On Tue, Apr 19, 2011 at 4:37 PM, Rebecca Schultz Zavin rebecca@android.com wrote:
On Tue, Apr 19, 2011 at 2:23 PM, Arnd Bergmann arnd@arndb.de wrote:
This may be a stupid question, but do we have an agreement that it is actually a requirement to have uncached mappings? With the streaming DMA mapping API, it should be possible to work around noncoherent DMA by flushing the caches at the right times, which probably results in better performance than simply doing noncached mappings. What is the specific requirement for noncached memory regions?

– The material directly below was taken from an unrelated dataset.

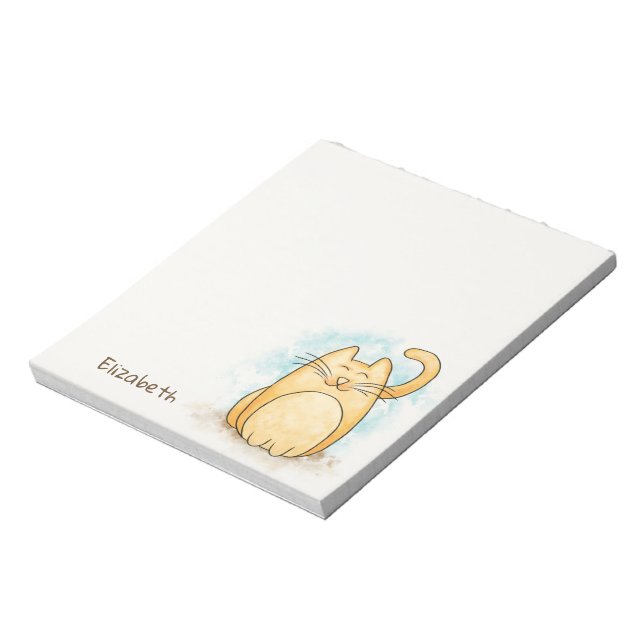 Cute Cat Watercolor Personalise Notepad (Rotated)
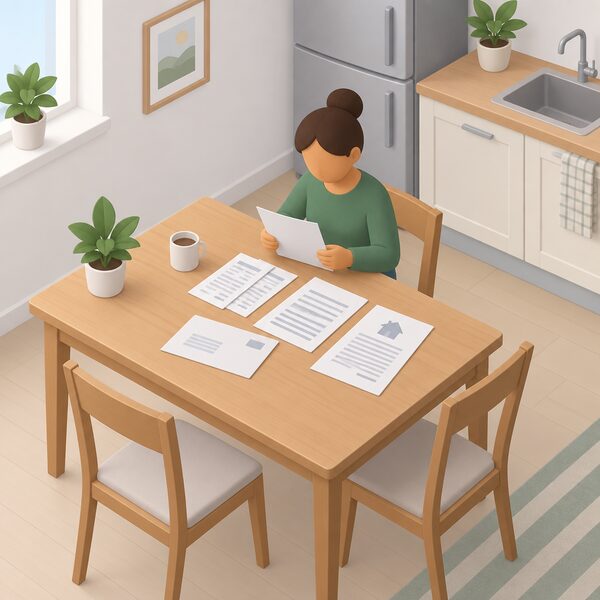 A kitchen table in a home with wage slips, a tenancy agreement and a letter laid out as physical papers, with a simplified figure seated checking them, showing the documents that prove income and tenure for a grant application.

That was my original plan, but our graphics folks and those at our partner companies basically have me convinced that the common case is for userspace to stream data into memory, say copying an image into a texture, and never read from it or touch it again. The alternative will mean a lot of cache flushes for small memory regions, in and of itself this becomes a performance problem. I think we want to optimize for this case, rather than the much less likely case of read-modify-write to these buffers.
This was why I made the comment earlier about wanting fault handlers for these buffers, so we could track if the buffer is dirty, and potentially what parts of the buffer are dirty.. so in the optimal case where no sw is touching the buffer, you don't incur the penalty, but also at the same time you still get decent performance in case where userspace does want to touch the buffer. So I think in most cases where people are scared of cached, it is actually quite ok.
That said, in case of tiled buffers on o4, because of the virtual -> tiled physical -> physical address translation that goes on, some small distance of prefetch might be touching something far away.. or in hyperspace.. there are ways to deal with that so I am not ready to rule out cached.. but I'm a bit less comfortable with cached for these type of buffers without spending some time to think it through.. (we avoided the issue so far by just making them uncached).